• Exercise:
Reproduce only what lies between the first line of the material below and the line containing "used 2018 GMC Terrain car, priced at $21,527", with both of those lines included and every line kept exact.

• Material supplied:
● ● ● ● ● ● ●

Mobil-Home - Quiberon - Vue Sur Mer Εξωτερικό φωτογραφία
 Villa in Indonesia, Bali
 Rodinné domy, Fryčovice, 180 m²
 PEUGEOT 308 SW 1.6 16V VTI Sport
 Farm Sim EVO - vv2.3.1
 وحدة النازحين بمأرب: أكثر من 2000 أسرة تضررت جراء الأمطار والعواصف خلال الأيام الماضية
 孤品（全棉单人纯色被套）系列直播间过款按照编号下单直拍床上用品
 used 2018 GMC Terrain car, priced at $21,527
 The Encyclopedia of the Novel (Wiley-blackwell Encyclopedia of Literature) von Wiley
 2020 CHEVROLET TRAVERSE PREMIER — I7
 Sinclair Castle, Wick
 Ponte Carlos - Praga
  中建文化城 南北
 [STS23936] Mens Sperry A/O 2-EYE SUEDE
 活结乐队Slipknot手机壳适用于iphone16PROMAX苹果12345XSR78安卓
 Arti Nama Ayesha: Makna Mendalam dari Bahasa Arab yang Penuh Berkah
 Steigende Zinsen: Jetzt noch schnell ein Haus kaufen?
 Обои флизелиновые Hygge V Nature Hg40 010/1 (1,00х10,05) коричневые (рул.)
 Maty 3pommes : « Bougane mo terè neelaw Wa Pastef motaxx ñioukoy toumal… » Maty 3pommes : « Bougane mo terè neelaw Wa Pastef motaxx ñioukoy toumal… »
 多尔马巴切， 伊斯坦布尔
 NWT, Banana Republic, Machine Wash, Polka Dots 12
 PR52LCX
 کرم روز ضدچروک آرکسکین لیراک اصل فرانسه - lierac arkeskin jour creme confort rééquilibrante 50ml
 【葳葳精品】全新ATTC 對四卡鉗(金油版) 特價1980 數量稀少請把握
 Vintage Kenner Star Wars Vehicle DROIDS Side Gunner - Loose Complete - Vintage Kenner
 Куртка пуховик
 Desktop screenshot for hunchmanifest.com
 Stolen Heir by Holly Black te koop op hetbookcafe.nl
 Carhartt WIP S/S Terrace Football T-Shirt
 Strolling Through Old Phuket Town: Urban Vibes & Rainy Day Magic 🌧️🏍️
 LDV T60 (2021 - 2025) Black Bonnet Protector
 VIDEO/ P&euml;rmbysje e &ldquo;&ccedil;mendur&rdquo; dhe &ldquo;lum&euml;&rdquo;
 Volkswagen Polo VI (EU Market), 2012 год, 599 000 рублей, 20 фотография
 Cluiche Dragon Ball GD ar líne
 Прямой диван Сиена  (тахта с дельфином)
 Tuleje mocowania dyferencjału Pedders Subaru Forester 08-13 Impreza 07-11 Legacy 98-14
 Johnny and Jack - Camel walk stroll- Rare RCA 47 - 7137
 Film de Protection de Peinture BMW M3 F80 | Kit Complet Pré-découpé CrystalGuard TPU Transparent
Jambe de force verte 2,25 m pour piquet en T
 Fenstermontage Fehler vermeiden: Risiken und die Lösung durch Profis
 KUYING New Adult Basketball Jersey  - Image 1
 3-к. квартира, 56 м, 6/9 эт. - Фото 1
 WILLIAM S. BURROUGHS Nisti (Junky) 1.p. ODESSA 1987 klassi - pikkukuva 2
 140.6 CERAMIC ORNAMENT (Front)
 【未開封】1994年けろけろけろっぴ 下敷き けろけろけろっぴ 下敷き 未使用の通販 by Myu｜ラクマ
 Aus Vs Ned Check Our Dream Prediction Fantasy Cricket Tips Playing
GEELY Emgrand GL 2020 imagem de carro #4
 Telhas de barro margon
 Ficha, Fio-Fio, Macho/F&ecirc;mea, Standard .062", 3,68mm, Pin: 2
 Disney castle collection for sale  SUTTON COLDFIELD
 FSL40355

● ● ● ● ● ● ●

• Written solution:
Mobil-Home - Quiberon - Vue Sur Mer Εξωτερικό φωτογραφία
 Villa in Indonesia, Bali
 Rodinné domy, Fryčovice, 180 m²
 PEUGEOT 308 SW 1.6 16V VTI Sport
 Farm Sim EVO - vv2.3.1
 وحدة النازحين بمأرب: أكثر من 2000 أسرة تضررت جراء الأمطار والعواصف خلال الأيام الماضية
 孤品（全棉单人纯色被套）系列直播间过款按照编号下单直拍床上用品
 used 2018 GMC Terrain car, priced at $21,527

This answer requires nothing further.